The Great American Game
As the years passed, football grew in the affections of American sports fans, eventually outstripping baseball. There were only ten or eleven games a season, maybe just a half-dozen at home, so these few contests were feasts to be savored. Whereas baseball was primarily a professional game played originally in sixteen large cities, football was available at almost every college in the country. And while baseball was played quietly with solemn purpose, football was a raucous circus with its marching bands, pretty young cheerleaders and brutal contact. The National Football League, the first professional organization of any magnitude, set up shop in 1920, playing in the shadow of the colleges for many decades but eventually developing an enormous fan base and great prosperity.
Football continues to evolve, perhaps more than any other sport as offenses conspire to baffle defenses and vice-versa. In the 1970s-80s, the powerful Southeastern Conference was dominated by strong defenses. In 1990, the University of Florida hired one of its graduates, Steve Spurrier, to change things up. Spurrier, an ex-quarterback, had a penchant for throwing the ball. He often lined his offenses up with five wide receivers, fast and elusive ones at that, leaving confused SEC defenses in a shambles. Spurrier won six SEC titles in ten years and in 1996 won all of his home games, scoring no less than 50 points in each. At the end of that season, the Gators won their first national championship in football, routing Florida State 52-20 in New Orleans. Seeking to capitalize on this magic, the floundering Washington Redskins of the National Football League eventually hired Spurrier for a cool 5 mil a year. The UF coach’s offense proved no mystery to the faster, stronger and more savvy defenses of the NFL. After two short years, Spurrier was back in college, where he again excelled at South Carolina. Point and Counterpoint.

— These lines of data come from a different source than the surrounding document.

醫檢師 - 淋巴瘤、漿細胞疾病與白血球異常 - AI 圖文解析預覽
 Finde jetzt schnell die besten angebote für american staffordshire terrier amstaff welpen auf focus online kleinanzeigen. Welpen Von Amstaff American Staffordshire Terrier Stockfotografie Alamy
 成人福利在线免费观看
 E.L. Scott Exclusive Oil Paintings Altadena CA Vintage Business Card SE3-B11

In 2007, coach Chip Kelly of Oregon parlayed a no-huddle offense, some very quick backs and wide-receivers and a quarterback who could carry the ball, into a blitzkrieg offense capable of scoring touchdowns in shockingly few plays. The Ducks’ defense was no great shakes but all they needed was occasional success because the offense was going up and down the field, non-stop. Despite historically strong powerhouses at USC, UCLA and Stanford, Kelly’s tomfoolery quickly led Oregon to the top of the Pacific Coast Conference. His opponents were bumfuzzled. How could you stop this runaway train? Was Kelly a legitimate genius? The NFL’s Philadelphia Eagles couldn’t resist finding out, hiring the Oregon coach in 2013. He immediately took a team which had been 4-12 in 2012 and finished the next season 10-6. Things were looking up in Philadelphia. Then, in 2014, he repeated the 10-6 record. Hmmmn. In 2015, Kelly finished 6-9 and was fired. Geniuses, it seems, are tough to come by. It is tougher to stay on top in football than in any other sport. No team has won two consecutive NFL championships since the New England Patriots repeated in 2005. Football is hard, football is mysterious. Football tomorrow will not be the same as football today.

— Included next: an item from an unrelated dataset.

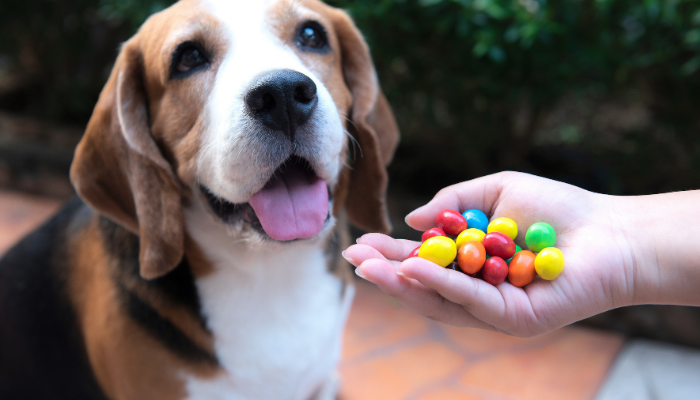 confectionery harmful food for dogs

Amazingly, not everybody likes football. Maybe you were in love with the Queen of the Senior Prom in high school and the football player got the girl. Maybe your hackles are up because every time you pick up a newspaper some wide receiver from Baylor or noseguard from Notre Dame is disqualified for smoking weed, missing class or bopping his girlfriend. Try to remind yourself there are 85 guys on a college team, many of them just in from the Inner City where manners are in short supply. And even if you’re the unforgiving type, consider that the player is not the game. One raunchy minister does not a religion make. If an executive of a local charity robs the till are we excused from ever again donating a penny? There are murky operators in all areas of life….thieving doctors, conniving lawyers, dishonest Indian chiefs….but we continue utilizing their services because most people of their ilk are reliable.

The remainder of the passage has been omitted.